A Unified Framework for 10 TeV to EeV Diffuse Neutrino Sky and KM3-230213A
Shiqi Yu, Bing Theodore Zhang
TL;DR
The paper proposes a unified framework in which SBO-like low-luminosity gamma-ray bursts (LL GRBs) produce a broadband neutrino sky from 10 TeV to EeV energies by coupling prompt internal-shock emission with external forward-shock afterglow in a wind-like circumburst medium. By fitting multi-wavelength data from two representative LL GRBs (GRB 060218 and GRB 100316D) and computing photohadronic neutrino production with the AMES code, the authors derive a two-component neutrino spectrum whose prompt and afterglow contributions correspond to distinct energy regimes. They show that the resulting diffuse flux can accommodate the observed data, with the GRB 060218-like population contributing at tens-to-hundreds TeV and the GRB 100316D-like population shaping the ultra-high-energy regime, potentially explaining the KM3NeT 220 PeV event. The framework provides concrete, testable predictions for next-generation neutrino observatories (GRAND, IceCube-Gen2, RNO-G) and emphasizes the role of circumburst environments and LL GRB diversity in shaping the high-energy neutrino sky, offering a physical link across energies and transient populations.
Abstract
Establishing a unified origin that simultaneously accounts for the wide-band diffuse flux and recent ultra-high-energy (UHE) detections is a pressing challenge in multi-messenger astrophysics.
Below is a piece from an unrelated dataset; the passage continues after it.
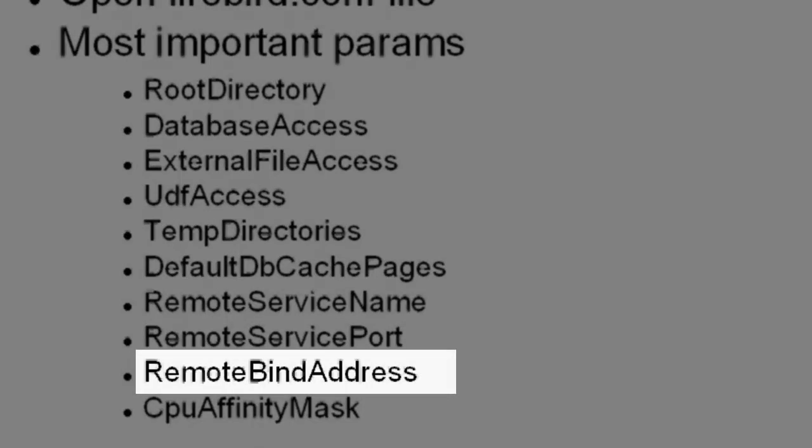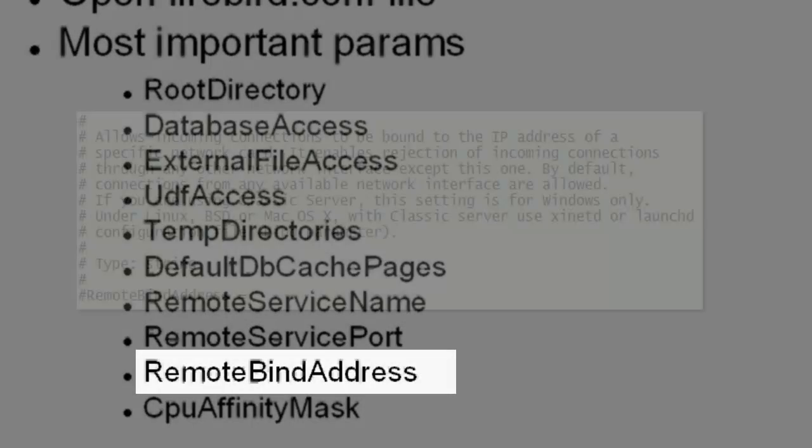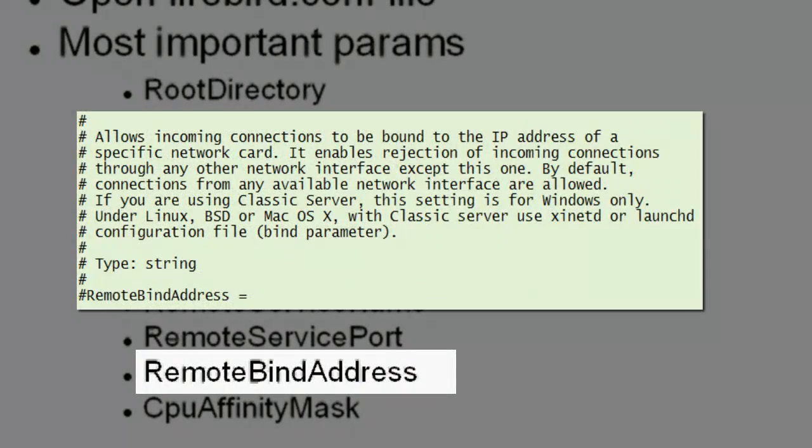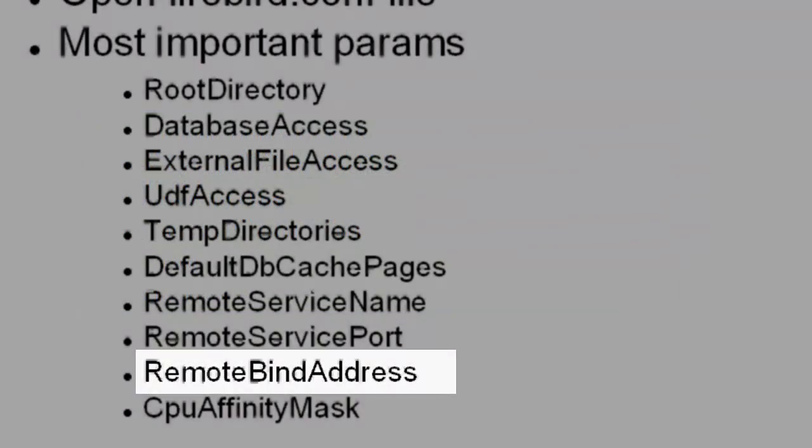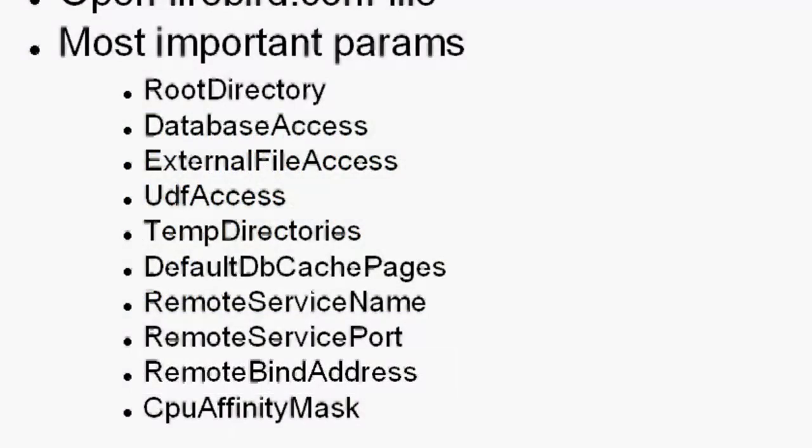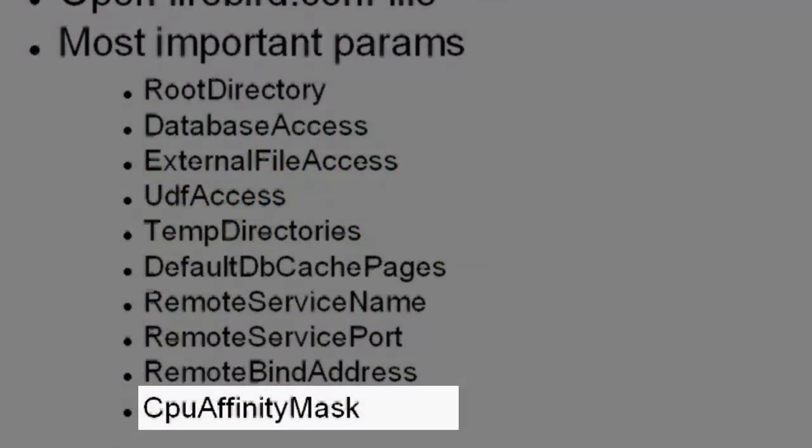Remote bind address. This allows incoming connections to be bound to the IP address of a specific network card. It enables the rejection of incoming connections through any other network interface except this one. By default, connections from any available network interface are allowed.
Successive shock regimes in shock-breakout candidates, most notably low-luminosity gamma-ray bursts (LL GRBs), naturally introduce distinct physical environments producing a multi-component neutrino flux extending from 10 TeV to the UHE regime. Integrating prompt and afterglow phases within a unified dynamical framework yields a self-consistent explanation for this broadband emission. In this work, we discuss this framework, building on MWL observations. We show that the prompt emission from GRB~060218-like events accounts for $\gtrsim 10\%$ of the diffuse flux at 100~TeV, while GRB~100316D-like configurations predict a distinct flux peak near $10^{-9}\rm~GeV~cm^{-2}~s^{-1}~sr^{-1}$ at 100~PeV, providing a physical interpretation for the 220 PeV KM3-230213A event. This decoupling explains the lack of low-energy counterparts for individual UHE detections while maintaining consistency with the total diffuse neutrino flux. Ultimately, this framework identifies SBO-like LL~GRBs as a unifying origin for these phenomena, providing a physical link across a wide band from 10 TeV to EeV energies testable by next-generation observatories, including GRAND, IceCube-Gen2, and RNO-G.